I’ll put my hand up and admit that I’ve been guilty of doing this. The rationale makes sense on paper: with so many assets, such as third-party scripts and below-the-fold content, slowing down total load time, it’s difficult to see how it works as a metric for measuring perceived user experience. But now, with such a strong correlation between load time and bounce rate, dismissing it may be premature.
7. Mobile-related measurements weren’t meaningful predictors of conversions
This came as a surprise. We looked at attributes such as device type, OS, bandwidth, and connection speed, and found that none of these were strong predictors of conversions. This is interesting because it suggests that, contrary to what many people believe, internet users don’t behave especially differently depending on what device they’re using. As Pat said in our talk, there’s no more “mobile web”. It’s just the web.
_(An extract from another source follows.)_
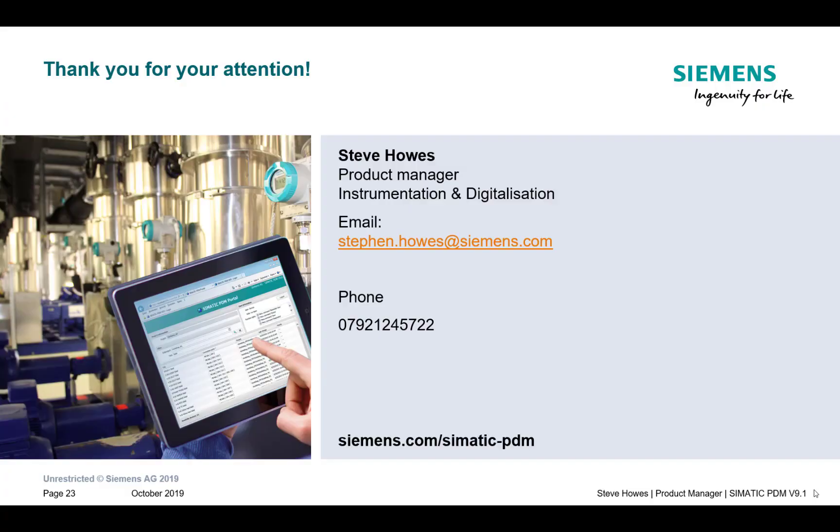This concludes the blog for showing you how to set up a Profinet network. I hope it was useful and please tune in again for more useful blogs. Thank you very much.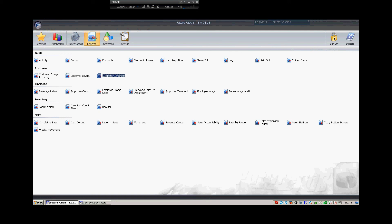and then your settings, which would be your system devices and whatnot. The reports themselves have not changed, it's just how you access them.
8. Start Render Time wasn’t a strong predictor of conversions
Out of the 93 different metrics we studied, Start Render Time (when content begins to display in the user’s browser) ranked 69th in its ability to predict whether a session would convert or not. This was probably the most surprising finding. Up until now, many user experience proponents who participate in the web performance community have placed some value on Start Render Time. This makes sense, because — on paper, anyway — Start Render would seem to reflect the user’s perception of when a page begins to load. But this research suggests that start render isn’t an accurate measure of the user experience — at least as it pertains to triggering more conversions.
This was one study conducted on one data set. I can’t stress this enough: We’re not proposing that organizations abandon metrics, such as start render time, that our industry has been using for years. Instead, our hope is that more organizations will explore their own data and see what patterns emerge.
Given the number of RUM tools currently on the market, it’s never been as easy to collect user data as it is now. Combine that with the relatively low barrier to entry for doing this kind of machine learning, and it’s my prediction that more and more companies will explore this opportunity. Speaking of which, don’t forget to download our machine learning code on GitHub and take it for a spin.
As a final note, there’s an observation to be made here about how performance monitoring is driven by what we’re able to measure versus what we should measure. Performance monitoring tools can gather massive amounts of data about a wide swath of metrics, but are all those metrics meaningful? To what extent do we, as people who care about monitoring the user experience, let the tail wag the dog? These are interesting questions that merit more examination. Luckily, we now have the data and the tools to do this.